ーフリーランスとして働く中で意識されていることはありますか。

最初は能力的にも経験的にも誇れるものがなかったので、すぐに行動出来ることとして人と会って学ぶ、情報蒐集には力を入れてました。。仕事に繋がるかどうかに関係なく、自分のことを知ってもらうきっかけは多ければ多い方がいいと思いますし、人に出会う中で知った情報や得た価値観がいつかきっと役に立つと思うので…特にコーチングは人によって求めているタイミングが異なります。自分の身近な人がコーチングを必要としてる、受講することでことで夢、目標の実現に近づける時に自分が力になれたらいいなと思い、人と会うようにしてます。

その他にもコーチングへの導線を増やすために、そして少しでもコーチングを身近に感じていただけるように、セミナーを開催したり、タロットカードを用いたコーチング事業を始めたりしています。

 

クライアントと一緒に自分も前に進み続ける

ーいろいろと工夫しながら活動されているんですね!今後新たに挑戦したいことなどはありますか。
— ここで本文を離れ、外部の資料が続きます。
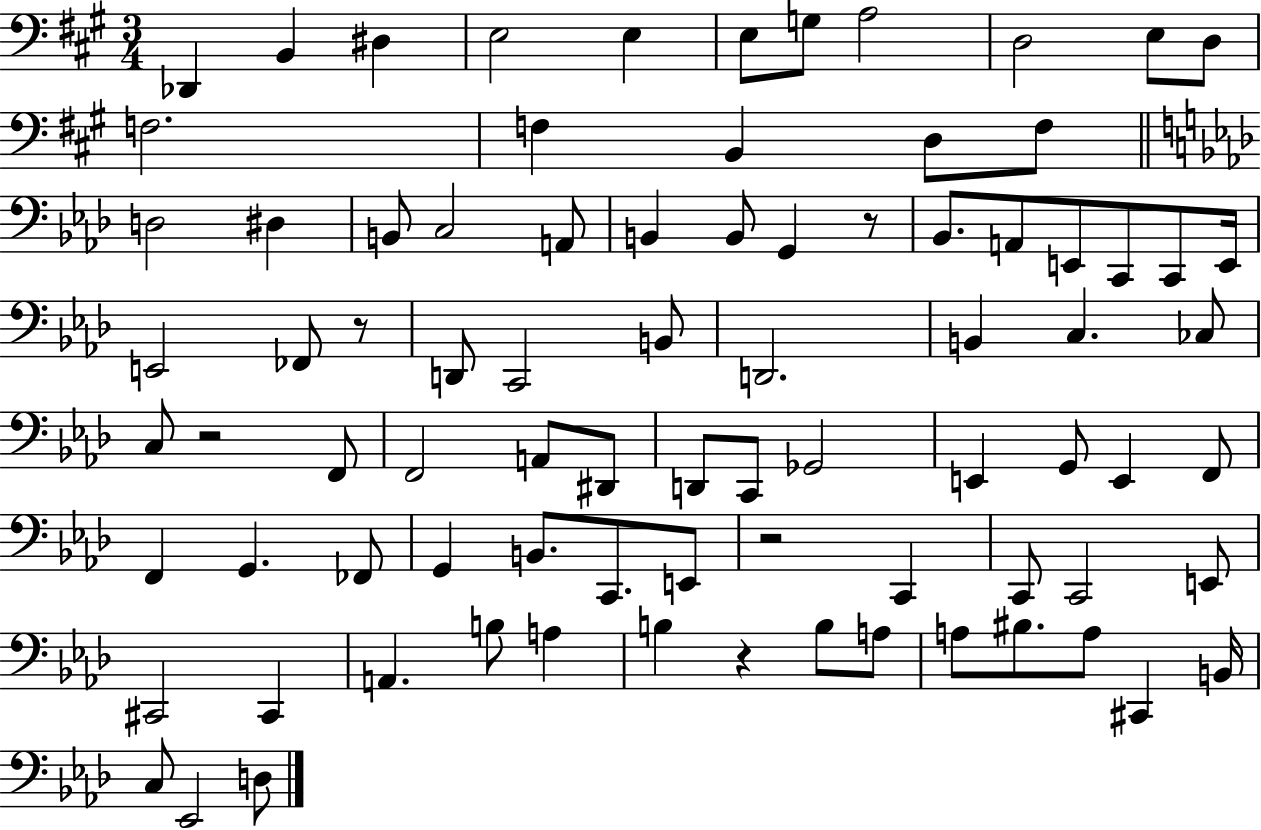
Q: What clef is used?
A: bass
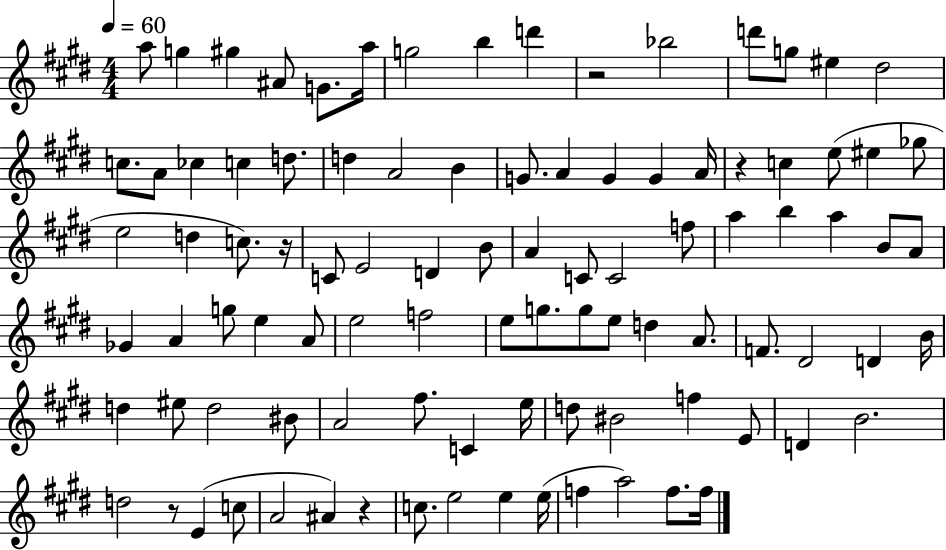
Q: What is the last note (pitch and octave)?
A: F5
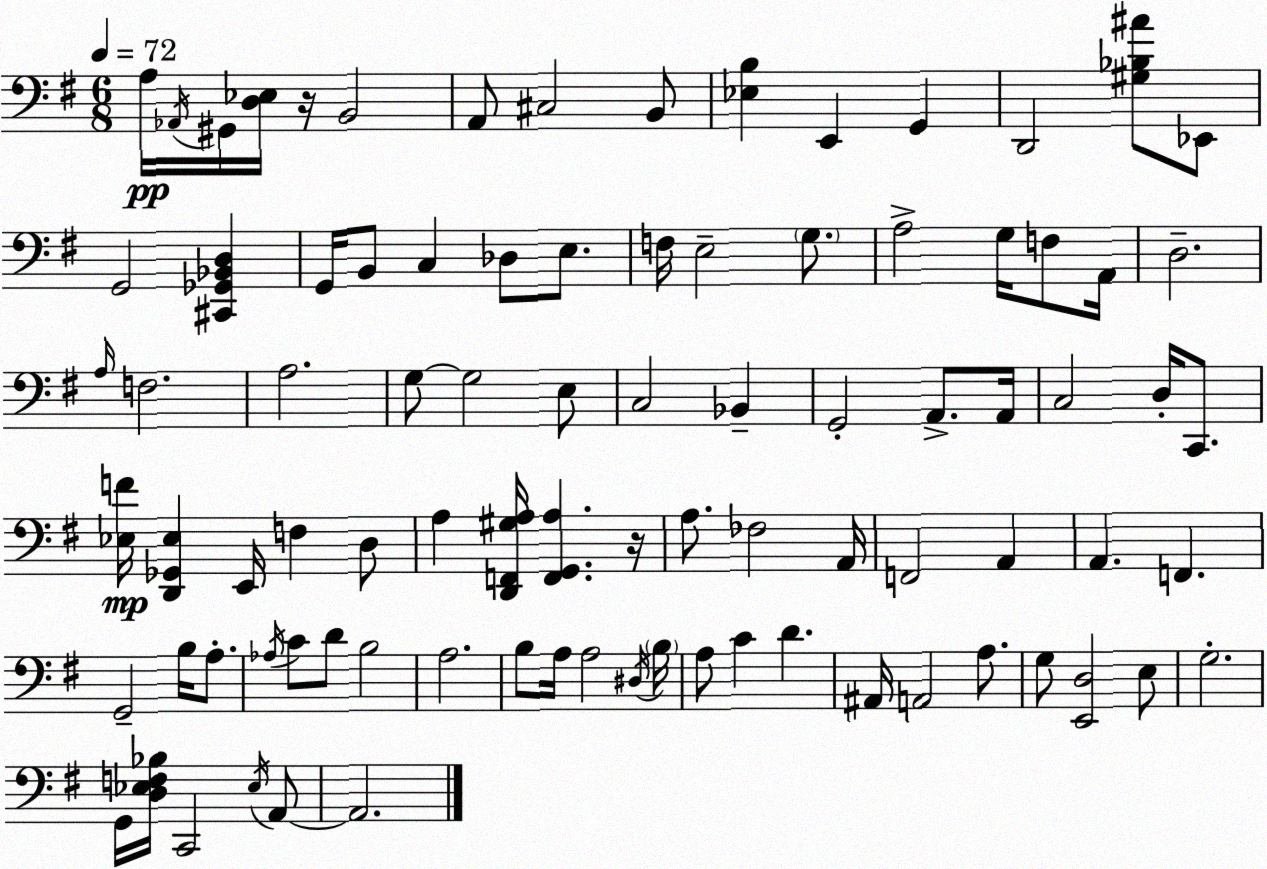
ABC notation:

やりたいことは山のようにあります!20代で独立を考える方も増えてきていると思うので、そんな同世代の刺激になることができたらと思っています。なので同世代のコーチングをもっとやっていきたいですね。もちろん、引き続きスポーツ界とも関わりは持ち続けていきたいです。

自己分析という言葉も最近よく耳にするようになりましたが、自己分析ではどうしても自分の主観が入ってしまい意外に冷静な分析ができていなかったりします。過去の自分と現在の自分を比較することはできますが、やっぱりコーチングを受けていただき様々な視点を絡めながら分析していくのが大事だと思うのでそのお手伝いを引き続きできたらと思っています。

いずれにせよ、コーチングやメンタルトレーニングはクライアントとの信頼関係で成り立つものなので、クライアントと一緒に自分も前に進むスタンスを大事にすることを忘れないでいたいです。

ー最後にフリーランスコーチとして何かU-29世代にメッセージがあればお願いします!

人生一度きりで時間も有限なのでやりたいことを優先してやっていかないときっと後悔が生まれると思います。でも自分の進みたい方向性が分かっていないとやりたいことかどうかも判断ができなかったりします。未来のビジョンを明確にするためにもぜひ自分と向き合う時間を作っていただき、必要であればコーチングセッションなども活用していただければと思います!

また、コーチングを今後普及していくために、タロットカードを使ったコーチングセッション『タロットコーチング』のサービスを始めました。自分の思考と心の整理、目指す未来に対して足りないものを補っていくためのアクションを知ることが出来るので自分のビジョンを明確にしたい人、今までに経験してない挑戦を成し得たい人の力になれたらと思っていますのでよろしくお願いします。